So how do you define love?
Is it a feeling, an action, a thought, or somewhere between all
three? Can you feel love in the absence
of growth? Can love die simply from
inaction? If you truly love someone can
that love truly ever die? Can you love someone
you dislike? You think you know the
answers to these questions? Well
maybe…..but what if everything you thought you knew was not reality? What if your perception was slightly askew
and what you thought unconditional love wasn’t in fact unconditional? What if, unconditional love was something
more, something greater than what you have yet experienced? What if you never really have experienced
such love, but found out how you could?
As children we are thought to receive unconditional love
from our parents. Ask yourself this, how
dysfunctional was the household in which you grew up? To some degree every household is
dysfunctional, but depending upon the level of dysfunction determines the level
of conditions placed on the amount of love received. There is a level of trust and boundaries that
get broken in childhood depending upon the parents’ healthy boundaries and
mental/emotional functionality that sets the foundation for how those children
will grow up and love, be loved, and choose love…How “conditional” the love
they provide to others or receive from others.

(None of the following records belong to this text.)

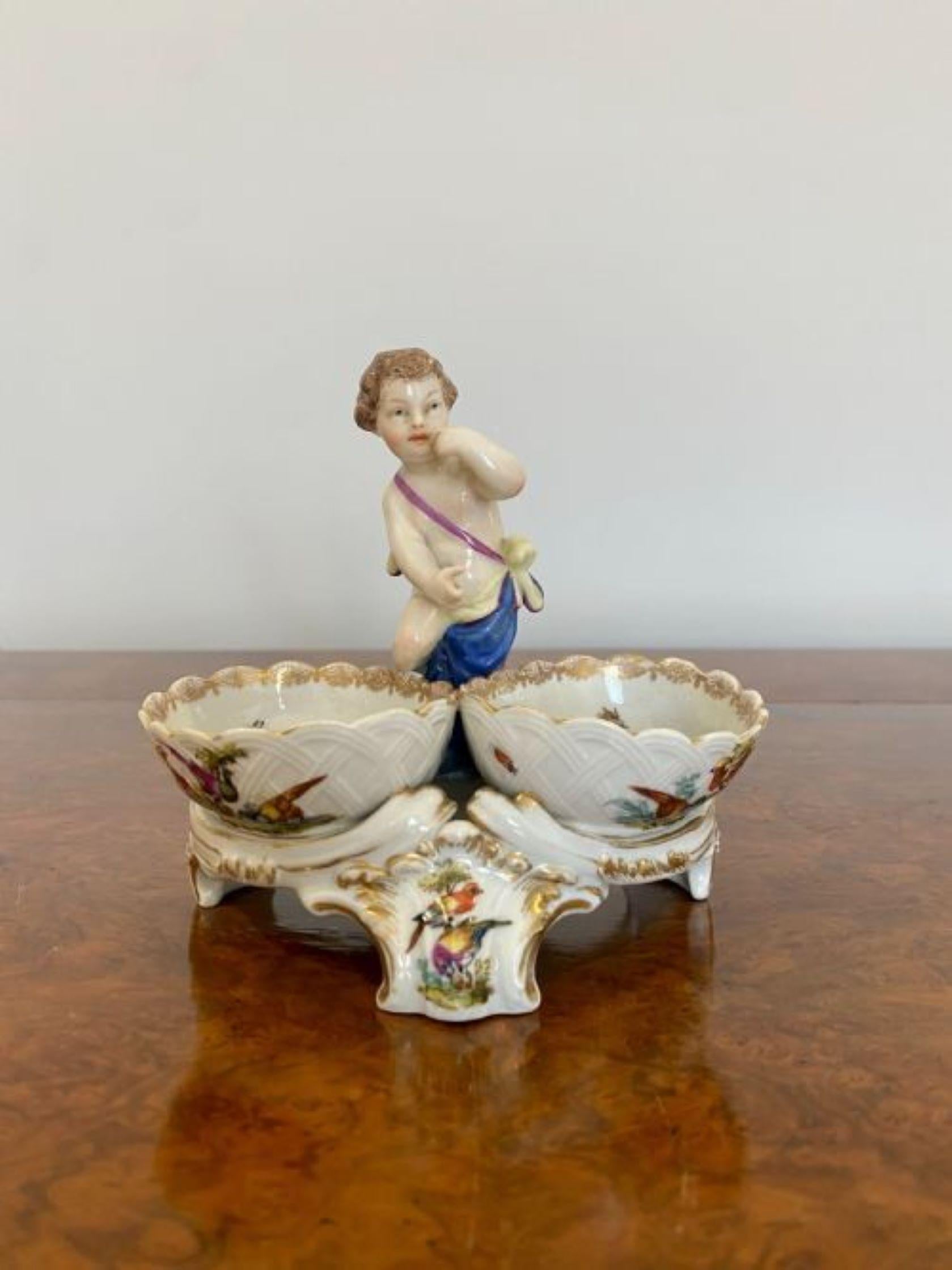 Quality Victorian Continental Porcelain Group Salt & Pepper Holder In Good Condition For Sale In Ipswich, GB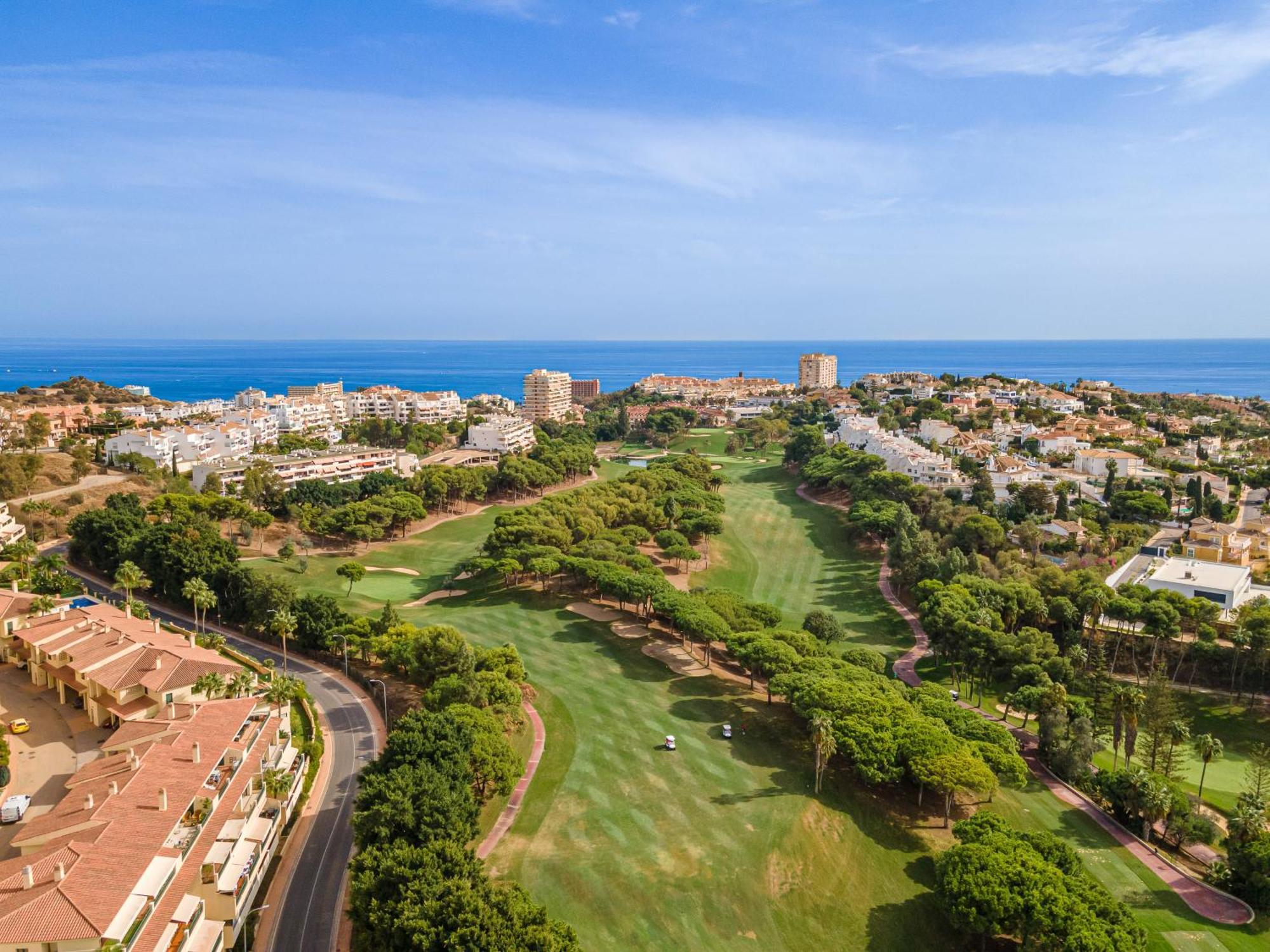 Fabulous Golf Front Apartment With Pool And Seaview Benalmádena Exterior photo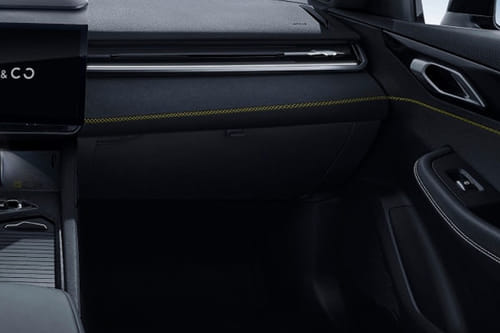 لينك اند كو 3 Glove Box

An example would be parents who are boundaryless and invade their
children’s emotions by dictating how the child should feel with the unspoken understanding
that if the child didn’t adhere and shut down their natural feelings they would
not be accepted and therefore loved.
As adults we find ourselves in relationships, whether
friendships or love partnerships, that we would like to think are
unconditional….but most of the time are not.

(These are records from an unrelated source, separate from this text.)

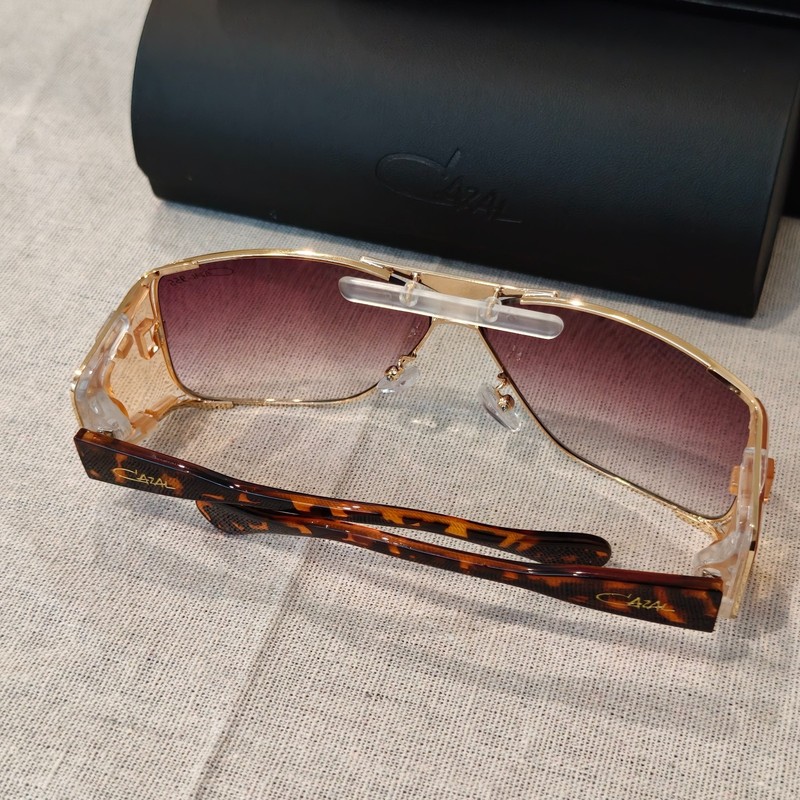 CAZAL LEGENDS 955 Havana Tortoiseshell Temple Gradient Brown Sunglasses withCase gallery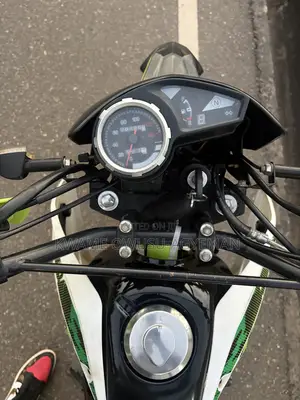 Apsonic AP200GY-9 2025 Green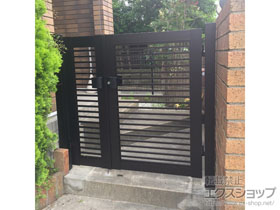 の門扉 シンプレオ門扉9型 横粗格子 両開き親子 門柱使用 施工例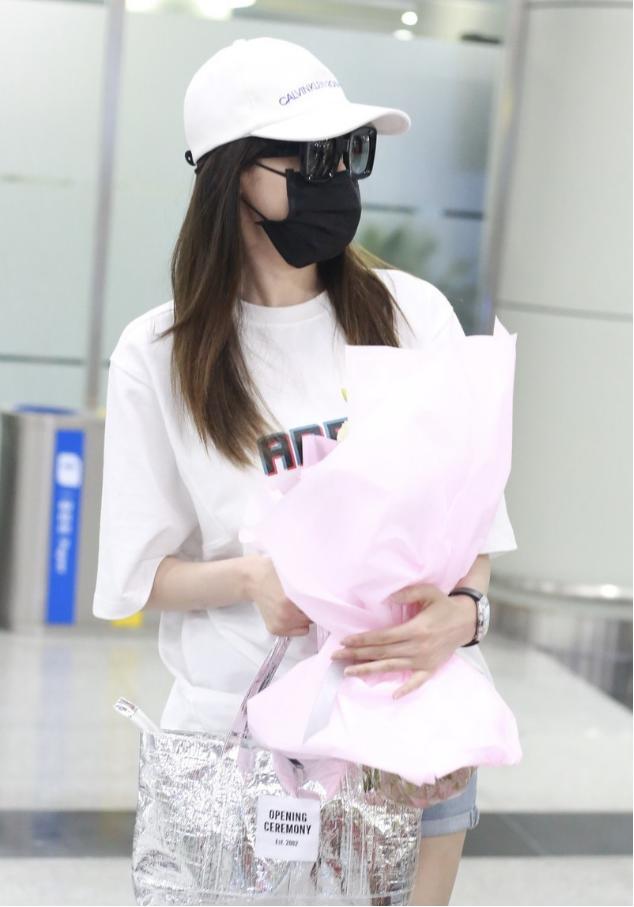 张天爱穿黑色短靴图,张天爱穿短靴子腿图片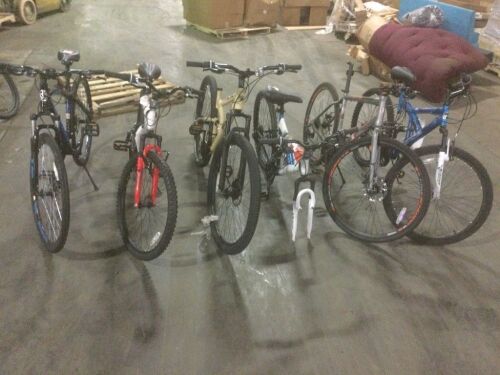Lot of (6) Mountain Bikes - For Parts or Repair  - Lot 657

Ask yourself this, how many “pass/fail” requirements are in your
relationships? How quick are you to
judge your friends or lovers if they say or perform for you? Are your relationships one sided or go both
ways? An example would be a friend who
you always know will be there for you, check on you, take care of you, but
because your needs are met in the relationship it never occurs to you whether
you are doing the same for the other person….Once that friend gets fed up with
the one sided relationship stops their overfunctioning role and you get mad and
question the friendship…never once really looking at the part you played in
it.
Conditions come in all shapes and sizes and in all forms of
function or dysfunction. Boundaries are
important in all relationships at all ages and in fact are necessary to
maintain a solid, healthy relationship.
Boundaries should be established and verbalized and maintained. Boundaries are not however conditions of love
but conditions of relationship.
Conditional love is a whole other ball of fun. Someone having to perform certain acts in
order to hold your love is not real love.